Imputator: AI-powered imputation of human genomes with pre-trained denoising autoencoders (unphased version)

This is a demonstration of how to use pre-trained autoencoders for unphased genomic imputation of chromosome 22

The inputs are a VCF file to be imputed (compressed with bgzip and indexed with tabix), and the pre-trained autoencoders (provided here) The output is an imputed (unphased) VCF file.

Limitations and restrictions

This version supports only the human chromosome 22 for now. In a future update, this tool will be expanded to whole genome imputation. This version only supports biallelic variants for now.

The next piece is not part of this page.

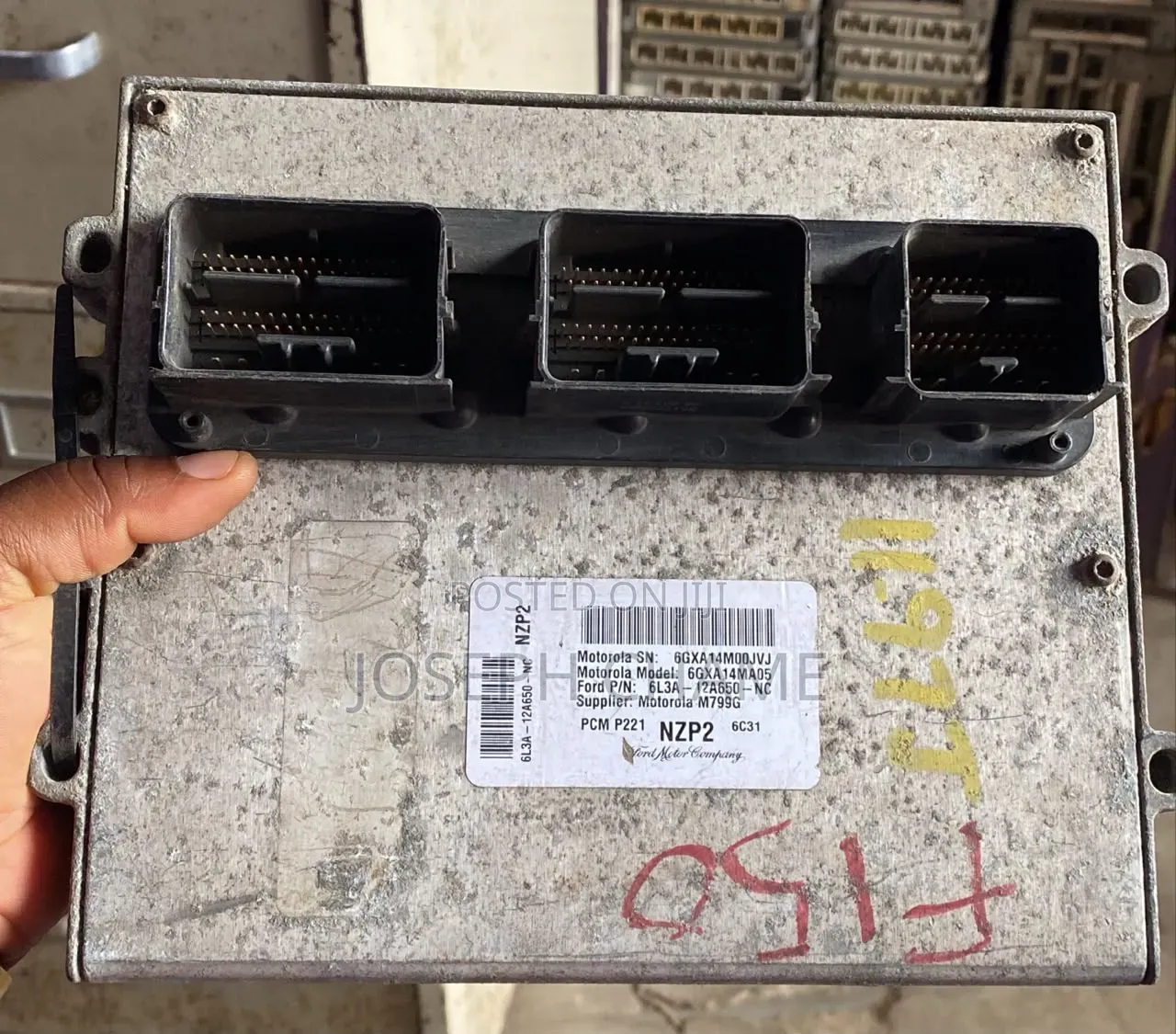 Conyrol Board Ford F150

Multiallelics should be filtered out before running this pipeline.

Python requirements

  • Python v3.6 or later
  • torch v1.6 ot later
  • Numpy v1.3 or later
  • Pandas v1.0 or later

Other requirements

  • bcftools
  • tabix
  • GNU parallel

Steps for running the autoencoder-based imputation

The steps are simple:

  1. Downloaded the pretrained model weights;

  2. Tile your input genome (chromosome 22 only in this version);

  3. Use the pretrained models to impute your genome tiles and merge the results automatically

That's it! No pre-phasing, no reference panel needed, no access restrictions.

1) Download pre-trained model weights

In this step you will download all the pre-trained autoencoders. You have to do this step only once. You can use wget, curl, or any other download method of your preference.

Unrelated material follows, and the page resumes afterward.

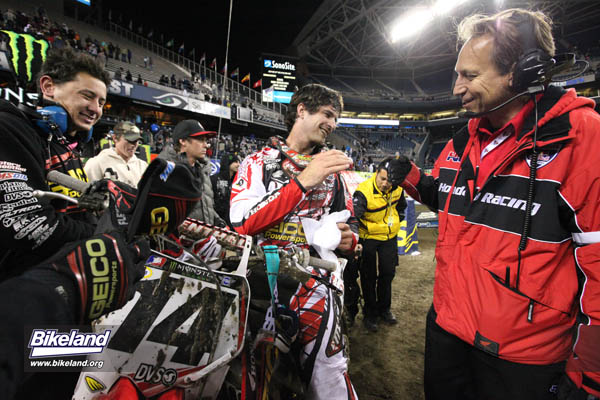 2010 Seattle Supercross - Windham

Here is an example with wget:

# download
wget https://www.dropbox.com/s/bicnrx0alkg6a0s/best_model_weights.zip -O best_model_weights.zip
# extract the compressed folder
unzip best_model_weights.zip

2) Tile your input genome (chromosome 22 only in this version)

The next step is to tile the genomes using our genome tiler tool. Similar to other imputation tools, we have to tile the genome into parts so we can reduce the computational workload and scale up the imputation process. For tiling the genome, you run our tiling utility.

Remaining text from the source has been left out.